WORK TASK: Excluding images, repeat the data exactly as given.

PROVIDED RECORDS:
□ □ □ □ □

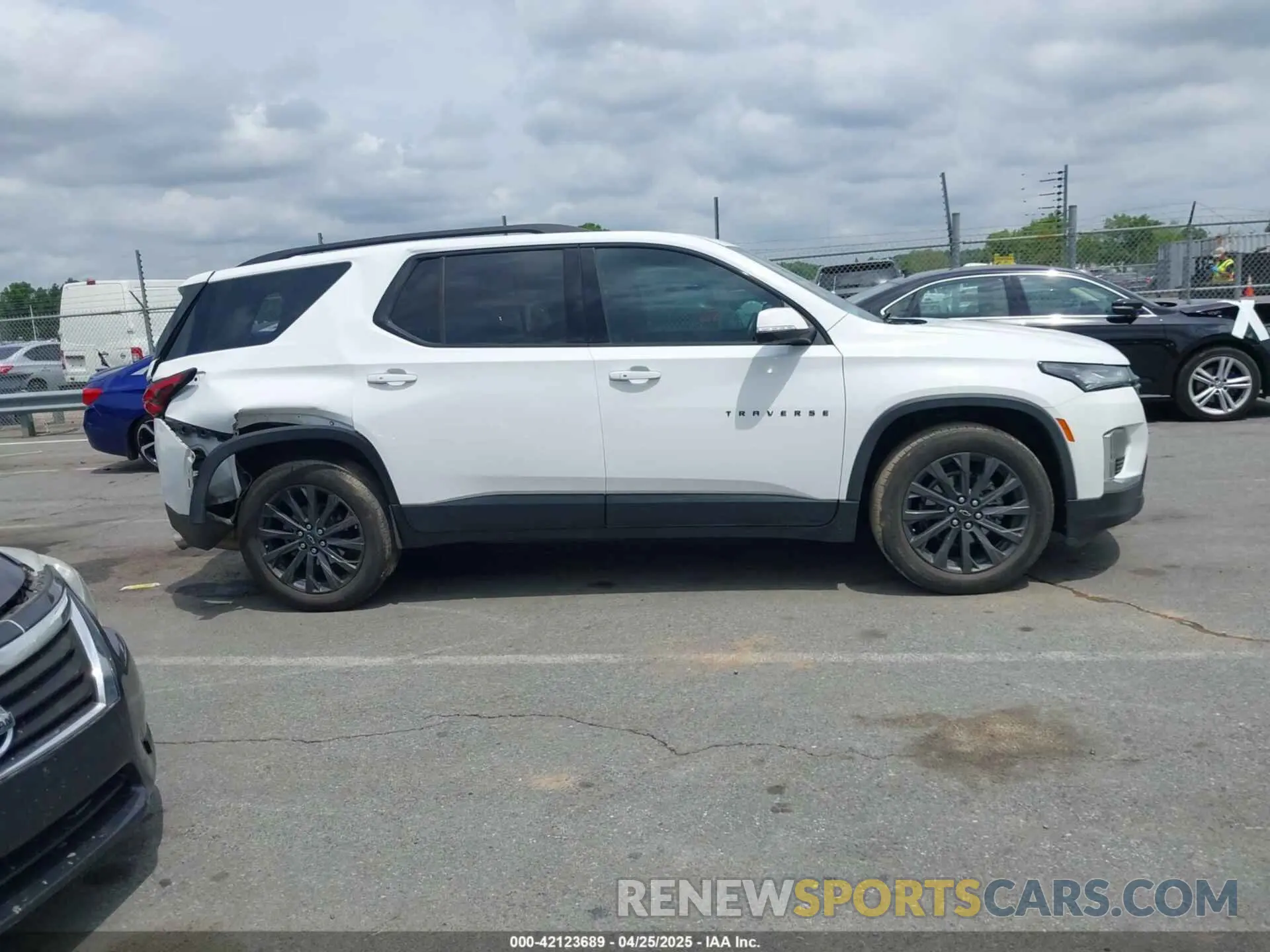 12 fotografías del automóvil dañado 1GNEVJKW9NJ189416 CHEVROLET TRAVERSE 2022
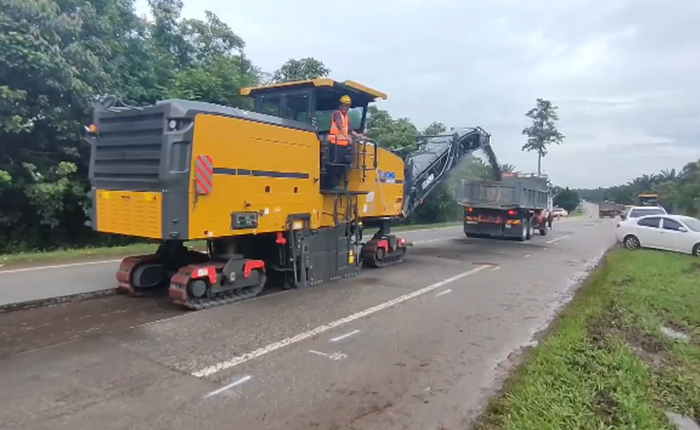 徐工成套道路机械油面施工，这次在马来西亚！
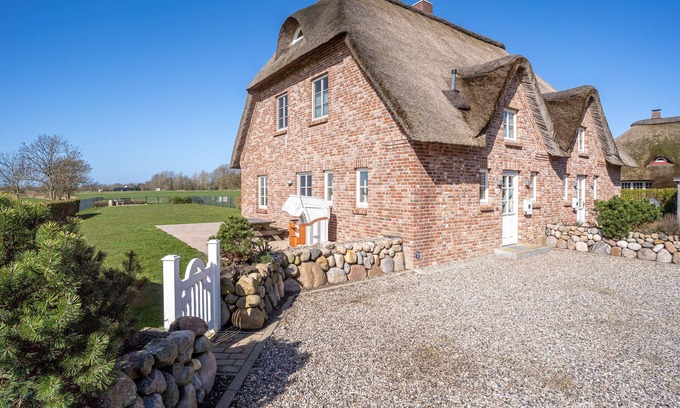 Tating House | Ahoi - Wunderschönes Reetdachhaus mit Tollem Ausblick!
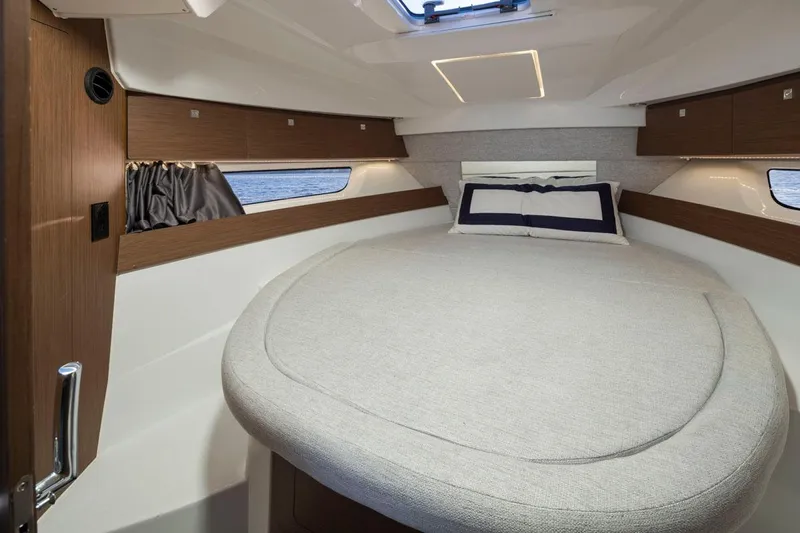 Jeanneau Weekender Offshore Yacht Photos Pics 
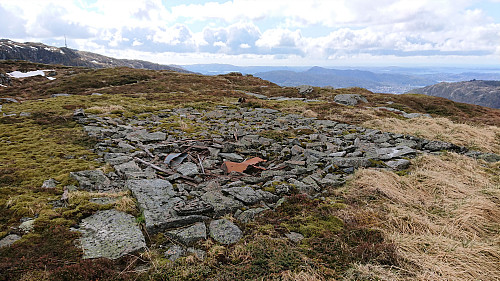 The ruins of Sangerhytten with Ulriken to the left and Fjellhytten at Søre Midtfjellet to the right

□ □ □ □ □

REPLY:
 12 fotografías del automóvil dañado 1GNEVJKW9NJ189416 CHEVROLET TRAVERSE 2022
 徐工成套道路机械油面施工，这次在马来西亚！
 Tating House | Ahoi - Wunderschönes Reetdachhaus mit Tollem Ausblick!
 Jeanneau Weekender Offshore Yacht Photos Pics 
 The ruins of Sangerhytten with Ulriken to the left and Fjellhytten at Søre Midtfjellet to the right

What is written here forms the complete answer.